9Sur cette base les auteurs inventorient des données en troisième personne comme par exemple des données mécaniques et biomécaniques sur les gestes, postures, mouvements de l’athlète (e.g., Bourbousson, & Fortes 2012 ; Saury et al., 2010, op. cit. ; Seifert, Wattebled, Herault, Poizat, Adé, Gal-Petitfaux et al., 2014) ou encore des données physiologiques (e.g., Berteloot, 2008 ; Vors, Cury, Marqueste, & Mascret, 2019 ; Vors et al., 2018). Concernant le mode d’articulation des données, « les travaux articulatoires se différencient de par le degré d’équilibre statutaire et probatoire qu’ils accordent aux deux types de données » (Quidu, & Favier-Ambrosini, 2014, p. 15). On distingue par conséquent des travaux pour lesquels les données « travaillent » dans une relation de subordination, ou au contraire d’égalité entre les matériaux. Dans les cas de relations de subordination, le déséquilibre est en faveur des données d’expérience pour des études revendiquant l’objet théorique du cours d’in-formation (e.g., Gal-Petitfaux et al., 2013, op. cit.). Mais parfois, ce sont les données en troisième personne qui sont priorisées, convoquant les données d’expérience à des fins de complémentarité, d’enrichissement des résultats (e.g., Seifert, Lardy, Bourbousson, Adé, Nordez, Thouvarecq et al., 2017). Ou encore, dans d’autres cas, si les données d’expérience ont le primat, elles sont mobilisées à des fins d’échantillonnage, d’identification de moments clés dans l’activité qui seront alors étudiés à partir de données en troisième personne (e.g., Rochat et al., 2019 op. cit.). Enfin certains travaux rompent avec la relation de subordination pour faire travailler les données à égalité de statut et de valeur (Seifert et al., 2014, op. cit.).

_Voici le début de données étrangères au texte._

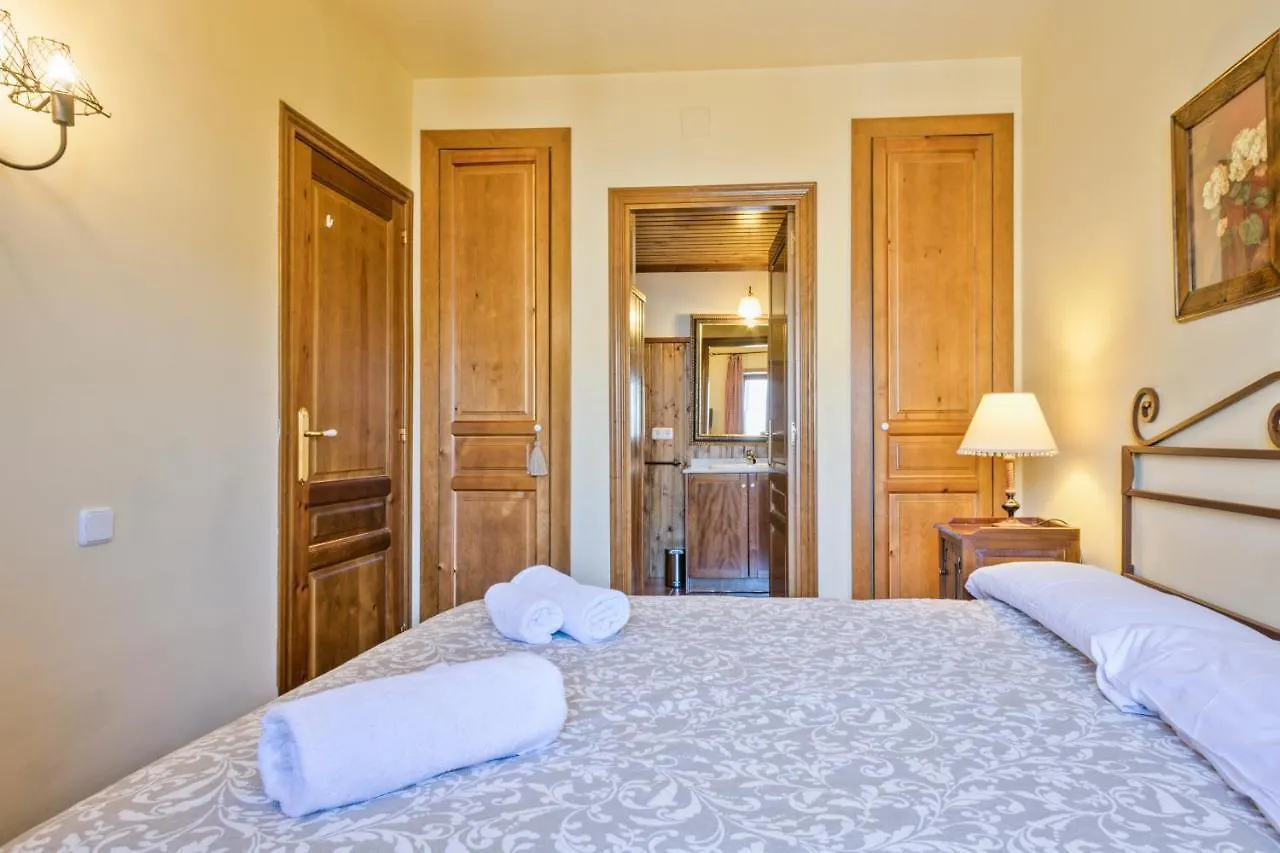Baqueira Apartamentos Cota 1700 Tranquilidad 0*, Baqueira Beret Spain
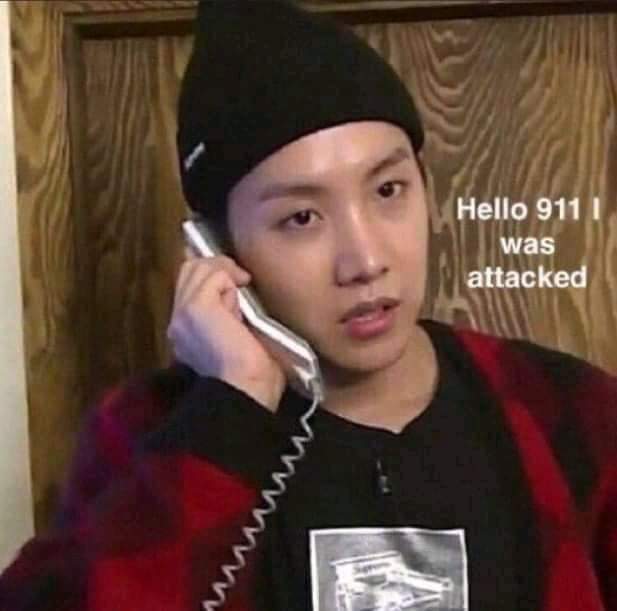 lilplaygalT's tweet photo. @BTS_twt Too much hotness 🤭 https://t.co/DDEJST4Mil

10Si ces distinctions relatives à la nature des données convoquées et à la façon de les articuler sont utiles pour clarifier la diversité des options méthodologiques, elles nous semblent devoir être complétées par un troisième analyseur du fait du présupposé théorique relatif à la dimension située de l’activité : les conditions de recueil et de traitement des données. Sur ce point nous pouvons distinguer des études conduites : (1) en situation réelle (e.g., Gal-Petitfaux et al., 2013, op. cit. ; Saury et al., 2010 op. cit.) ; ou (2) dans ce que nous qualifions « d’environnement contrôlé ». Si la situation réelle qualifie la fidélité à l’environnement de pratique d’entrainement ou de compétition, l’environnement est dit contrôlé lorsque le chercheur en modifie des caractéristiques pour favoriser la saisie de certaines données en troisième personne tout en préservant une proximité avec les conditions écologiques de la pratique. C’est par exemple le cas pour l’étude de Pouponneau, Poizat, Gal-Petitfaux et Adé (2011) dont les données biomécaniques ont été recueillies à partir de frappes répétées sur un bloc de polystyrène extrudé avec des piolets de différentes formes en situation de grimpe sur un mur d’escalade en salle.

11Au-delà de leur diversité méthodologique articulatoire, deux points communs rassemblent l’ensemble de ces travaux centrés sur l’expertise sportive. Le premier est leur attachement au PRCA dont la/les méthodologie(s) de recueil de données en première personne vise(nt) à documenter la conscience pré-reflexive des athlètes/utilisateurs. Le deuxième est leur volonté de renseigner la complexité dynamique de l’activité humaine en situation réelle ou dans un environnement contrôlé. Mais force est de constater que l’essor récent des méthodologies articulatoires traduit une évolution méthodologique dans le PRCA qui se concrétise par une diversité de nature des données recueillies, et des modalités d’articulation de ces données. Cette évolution méthodologique nous semble devoir être questionnée dans le but d’en discuter l’intérêt scientifique, en lien avec les hypothèses théoriques du PRCA qui nous semble devoir être questionnées dans le but d’en discuter l’intérêt scientifique, en lien avec les hypothèses théoriques du PRCA.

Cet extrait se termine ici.